Antarctica Cruises: What the New Fuel Ban Really Means

April 23, 2010

The Antarctica season beginning in November is likely to be the last one as we know it. Proposed changes to the type of fuel ships are allowed to burn and carry in this fragile ecosystem have now become a reality -- making the future of big cruise ships in Antarctica uncertain.

A rule was passed last summer by the International Maritime Organization (IMO) banning the use and carriage of heavy fuel oils, the type of fuel commonly burned by big ships, in the Antarctic. The reasoning is that a spillage of this type of fuel is considered too much of a risk -- and accidents do happen, as we witnessed in 2007, when Gap Adventures' M/S Explorer was holed by ice and sank.

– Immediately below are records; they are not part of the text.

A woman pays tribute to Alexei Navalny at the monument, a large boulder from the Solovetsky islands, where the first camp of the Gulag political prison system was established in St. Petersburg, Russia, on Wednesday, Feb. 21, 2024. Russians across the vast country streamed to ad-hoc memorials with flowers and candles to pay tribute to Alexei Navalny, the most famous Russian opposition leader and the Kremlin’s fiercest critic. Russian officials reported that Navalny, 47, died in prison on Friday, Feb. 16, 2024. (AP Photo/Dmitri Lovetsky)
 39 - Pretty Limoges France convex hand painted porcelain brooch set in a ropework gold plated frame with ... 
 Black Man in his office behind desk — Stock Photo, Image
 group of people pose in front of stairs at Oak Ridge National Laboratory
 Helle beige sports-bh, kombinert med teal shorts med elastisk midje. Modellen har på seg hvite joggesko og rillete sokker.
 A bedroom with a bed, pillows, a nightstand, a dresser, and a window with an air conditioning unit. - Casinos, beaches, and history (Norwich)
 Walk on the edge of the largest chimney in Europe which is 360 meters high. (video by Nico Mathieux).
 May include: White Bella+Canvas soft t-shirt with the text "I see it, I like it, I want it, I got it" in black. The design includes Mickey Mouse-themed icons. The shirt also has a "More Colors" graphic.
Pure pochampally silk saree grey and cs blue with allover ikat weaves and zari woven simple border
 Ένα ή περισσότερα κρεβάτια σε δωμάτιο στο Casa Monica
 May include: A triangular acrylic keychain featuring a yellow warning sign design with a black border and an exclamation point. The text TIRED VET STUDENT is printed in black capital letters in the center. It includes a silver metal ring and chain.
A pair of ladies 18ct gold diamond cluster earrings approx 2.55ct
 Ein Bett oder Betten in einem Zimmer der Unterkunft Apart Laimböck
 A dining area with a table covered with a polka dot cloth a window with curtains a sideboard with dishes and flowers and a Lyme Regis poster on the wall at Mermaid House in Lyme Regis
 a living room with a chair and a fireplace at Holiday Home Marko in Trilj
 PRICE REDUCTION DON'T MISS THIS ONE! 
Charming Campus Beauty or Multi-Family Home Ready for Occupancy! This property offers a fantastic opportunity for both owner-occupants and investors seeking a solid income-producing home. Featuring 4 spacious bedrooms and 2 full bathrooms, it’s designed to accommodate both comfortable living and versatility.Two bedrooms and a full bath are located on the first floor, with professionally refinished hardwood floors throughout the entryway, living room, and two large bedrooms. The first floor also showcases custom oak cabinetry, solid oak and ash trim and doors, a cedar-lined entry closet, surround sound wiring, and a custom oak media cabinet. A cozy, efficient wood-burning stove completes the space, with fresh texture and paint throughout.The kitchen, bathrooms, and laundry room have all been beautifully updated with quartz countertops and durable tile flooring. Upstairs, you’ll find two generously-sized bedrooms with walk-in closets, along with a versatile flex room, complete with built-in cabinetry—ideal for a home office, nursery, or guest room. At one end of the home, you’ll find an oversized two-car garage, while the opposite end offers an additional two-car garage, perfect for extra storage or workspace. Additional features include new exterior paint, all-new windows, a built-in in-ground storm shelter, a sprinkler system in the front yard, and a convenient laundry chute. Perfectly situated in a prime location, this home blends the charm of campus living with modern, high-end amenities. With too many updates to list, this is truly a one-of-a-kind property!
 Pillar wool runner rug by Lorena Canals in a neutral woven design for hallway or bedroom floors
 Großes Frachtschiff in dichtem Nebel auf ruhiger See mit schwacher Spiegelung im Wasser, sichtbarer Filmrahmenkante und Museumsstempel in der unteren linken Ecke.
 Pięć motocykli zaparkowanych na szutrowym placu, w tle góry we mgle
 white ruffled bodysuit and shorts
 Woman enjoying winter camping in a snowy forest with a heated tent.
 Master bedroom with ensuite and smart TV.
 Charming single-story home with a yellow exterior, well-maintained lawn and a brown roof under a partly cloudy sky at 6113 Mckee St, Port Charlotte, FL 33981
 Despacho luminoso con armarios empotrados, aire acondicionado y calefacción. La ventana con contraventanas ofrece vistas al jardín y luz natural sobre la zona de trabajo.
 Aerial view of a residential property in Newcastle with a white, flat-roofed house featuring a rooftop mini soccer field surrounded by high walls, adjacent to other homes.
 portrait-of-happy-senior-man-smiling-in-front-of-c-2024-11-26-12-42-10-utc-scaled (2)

We reported on this looming issue last year; it's in the news again now, because earlier this month, an actual deadline was set for the implementation of the new regulation -- August 1, 2011 -- making the forthcoming Antarctic summer the last time some lines are likely to visit the region.

So what does this really mean for cruise ships in the region?

Most small expedition cruise ships are unaffected, as almost all of them run on marine gas oil and marine diesel oil, neither of which is included in the ban. However, the International Association of Antarctic Tour Operators (IAATO) predicts that the number of passengers on "seaborne" cruises -- voyages on big ships that cruise the region but don't land anywhere -- could plummet from 14,350 this year to just 6,400 next year. Overall, the new rules could lead to a 23 percent decline in cruise tourism to Antarctica.

The problem facing the cruise lines is this: not only will ships be banned from using heavy fuel oil -- but they won't be allowed to carry it, either. Practically speaking, the former is possible to manage; it's not uncommon for a ship to burn more economical, heavy oil for long sea passages and switch to a more expensive but less polluting fuel when nearer shorelines.

But, in Antarctica, the new rules on carriage would mean working out a complicated formula whereby all the "bad" fuel is used up before entering the area governed by the Antarctic Treaty (south of 60 degrees latitude) and "good" fuel is burned not only for the sailing in Antarctica, but the whole voyage back to South America, the nearest landfall and refueling stop. Needless to say, "good" fuel is more expensive -- a cost likely to be passed on to the passenger.

Steve Wellmeier, executive director of IAATO, told Cruise Critic: "This will mostly affect the large vessels that we put into the 'cruise-only' category (500-plus passenger vessels where no landings are offered to those aboard). Thus, companies like Holland America, Princess Cruises, Celebrity Cruises, Crystal Cruises and Regent Seven Seas will be impacted, although some of these are looking at using the lighter grade distillate fuels and complying with the ban."

We approached all of these lines, as well as Silversea Cruises, and among those who replied, the response is mixed. Holland America Line has issued a statement confirming it will sail in Antarctica beyond 2011, saying that: "As a member of the International Association of Antarctica Tourism Operators (IAATO), Holland America Line is in full compliance with all governmental and environmental regulations that preside over Antarctic waters."

Royal Caribbean will also continue to send ships after the ban -- but not from its Celebrity Cruises brand. Director of environmental programs Rich Pruitt told us: "Next year, we will send Celebrity Infinity to Antarctica, before the ban, and in 2012, Azamara Journey will be going." As Azamara Journey is a mid-sized ship carrying only 700 passengers, Pruitt explains, it will burn much less of the approved, more expensive fuel than a larger vessel would.

On the other hand, Regent Seven Seas Cruises spokesman Tim Rubacky tells us that once the ban is in place, the line will have no choice but avoid Antarctica. "We haven't been given a communication that this has been formalized," Rubacky says, but once the word comes, there will be "no consideration whatsoever" given to switching fuels in order to comply. Regent simply won't go.

The same applies to Crystal. Mimi Weisband, vice president, public relations, told Cruise Critic: "The ban on certain fuel oils effectively prohibits large passenger vessels from sailing the region. With that in mind, our last sailing in the area will be January 20, 2011 -- a cruise from Valparaiso to Buenos Aires on Crystal Symphony."

Princess and Silversea did not respond with comment by press time.

What do you think? Should big ships sail in Antarctica? Or should it be left to the small expedition vessels?